___ AVAILABLE DATA ___

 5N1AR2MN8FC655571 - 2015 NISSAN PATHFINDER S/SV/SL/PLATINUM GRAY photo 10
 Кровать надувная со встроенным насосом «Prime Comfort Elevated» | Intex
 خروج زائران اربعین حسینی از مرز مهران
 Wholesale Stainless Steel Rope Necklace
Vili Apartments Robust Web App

___
___ AVAILABLE DATA ___

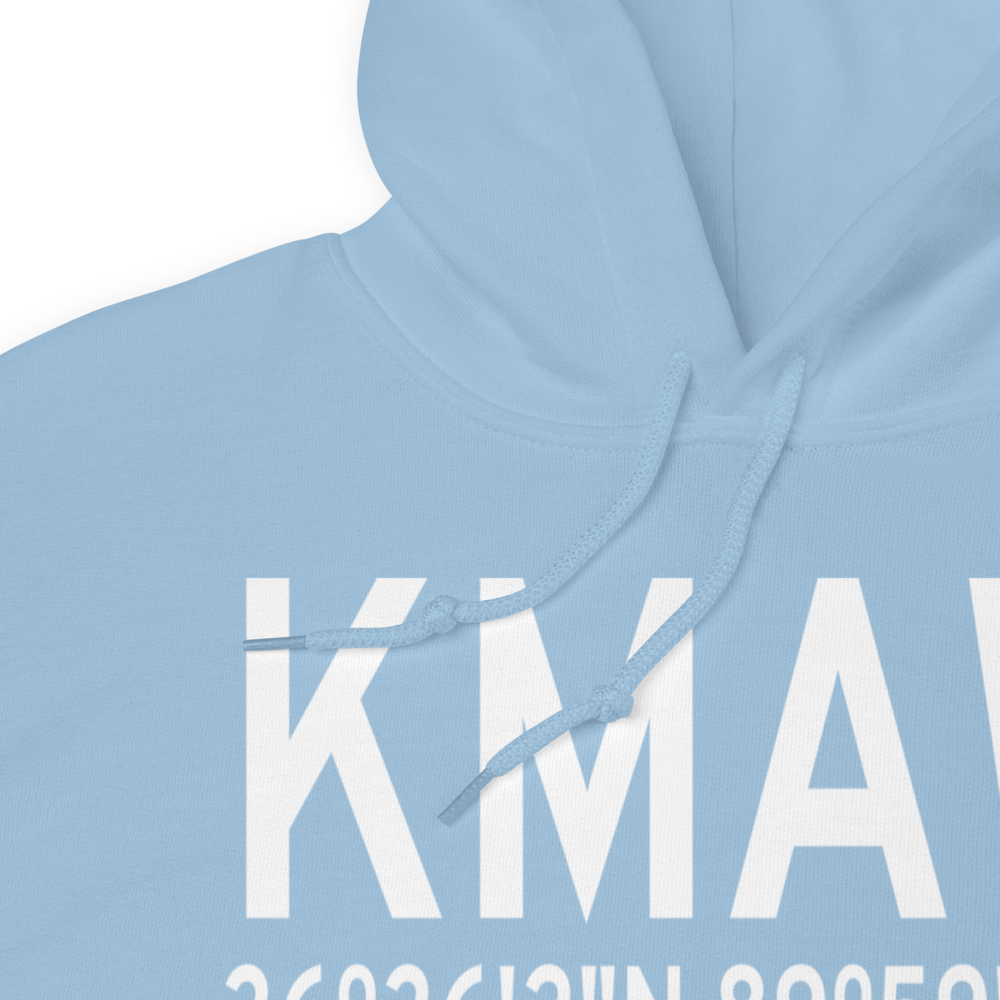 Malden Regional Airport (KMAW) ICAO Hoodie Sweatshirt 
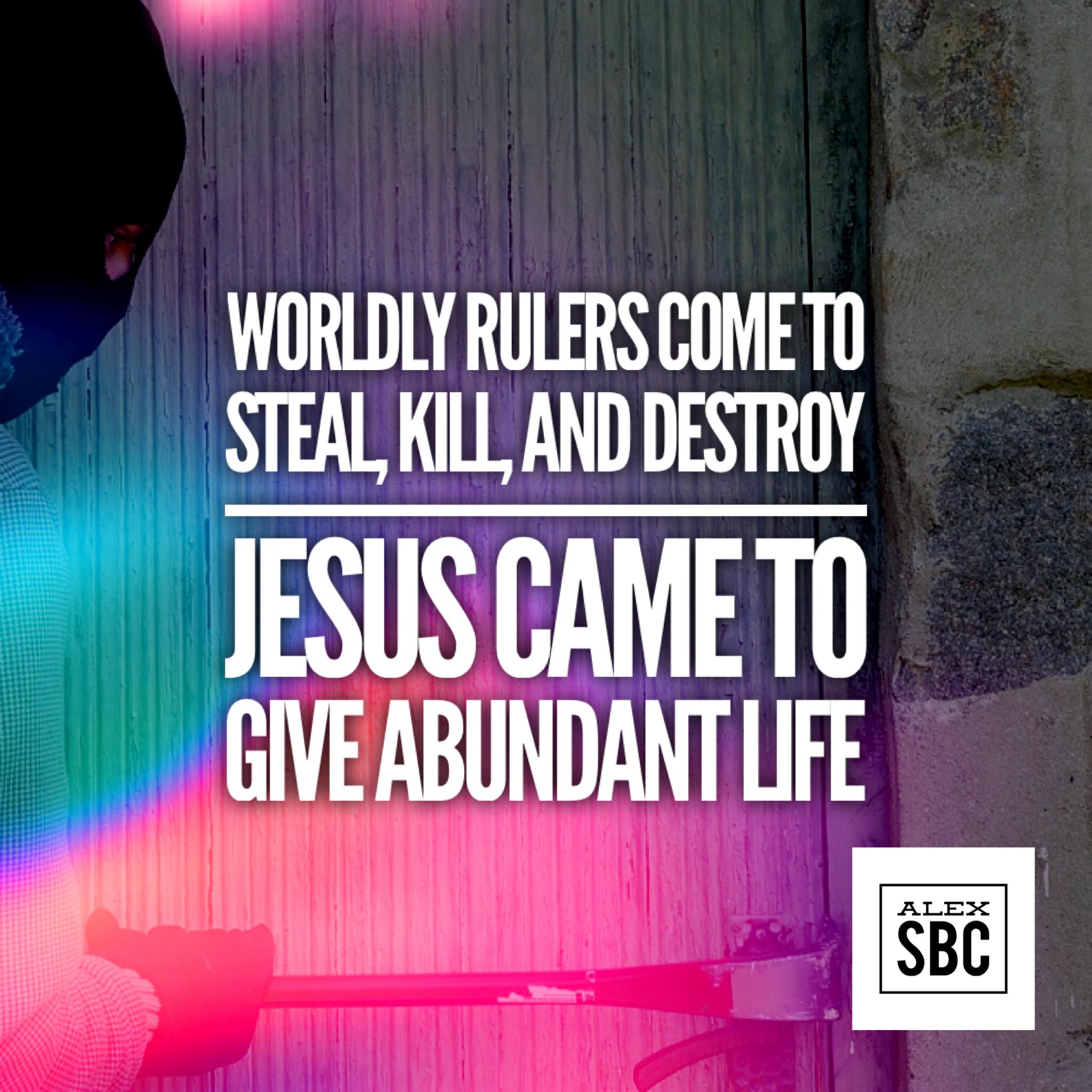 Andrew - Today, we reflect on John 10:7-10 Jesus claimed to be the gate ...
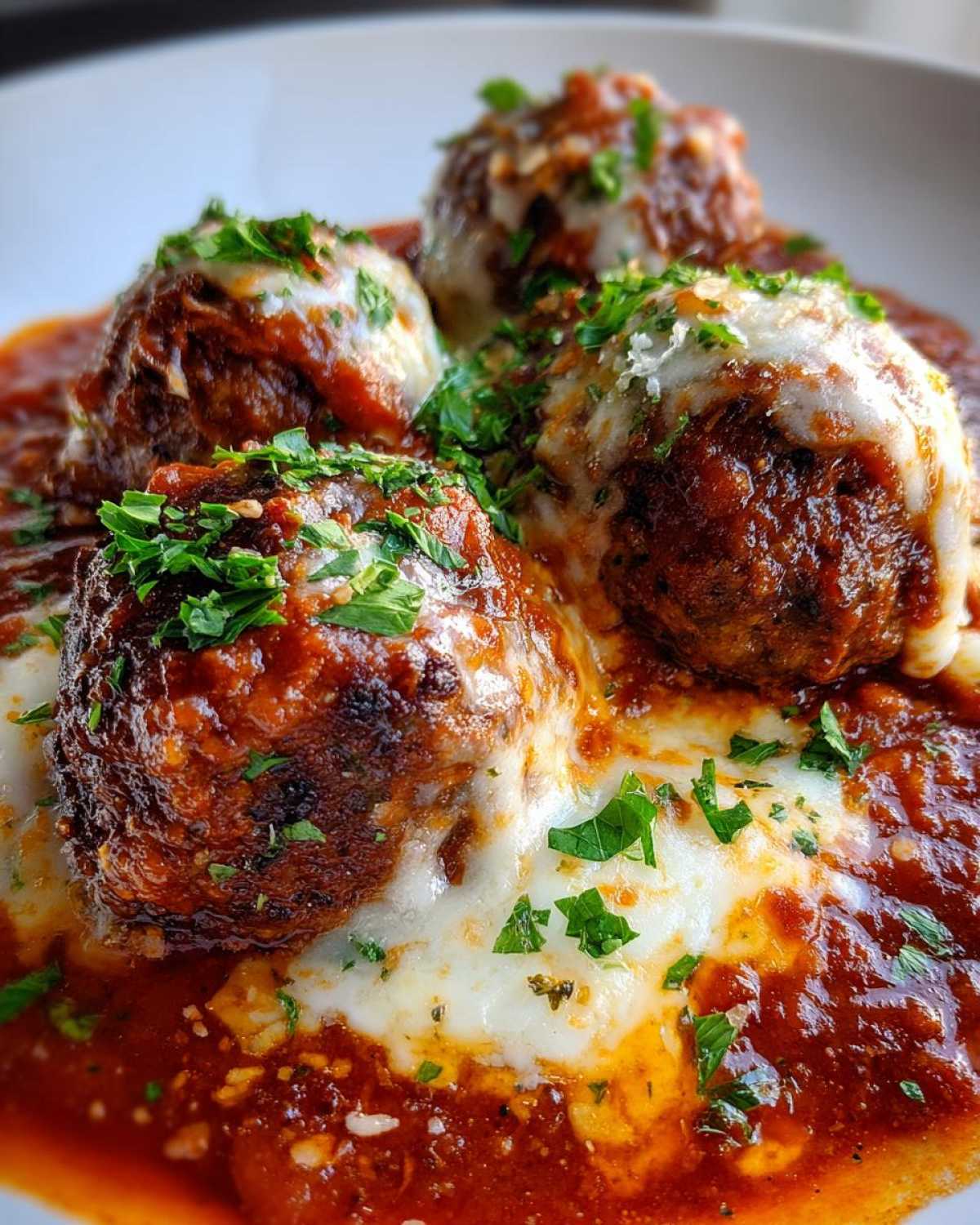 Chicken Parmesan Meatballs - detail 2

___

= TO DO =
Write down, word for word, the lines above from the one containing "5N1AR2MN8FC655571 - 2015" through the one containing "Vili Apartments Robust Web App", both ends included.

= ANSWER SECTION =
 5N1AR2MN8FC655571 - 2015 NISSAN PATHFINDER S/SV/SL/PLATINUM GRAY photo 10
 Кровать надувная со встроенным насосом «Prime Comfort Elevated» | Intex
 خروج زائران اربعین حسینی از مرز مهران
 Wholesale Stainless Steel Rope Necklace
Vili Apartments Robust Web App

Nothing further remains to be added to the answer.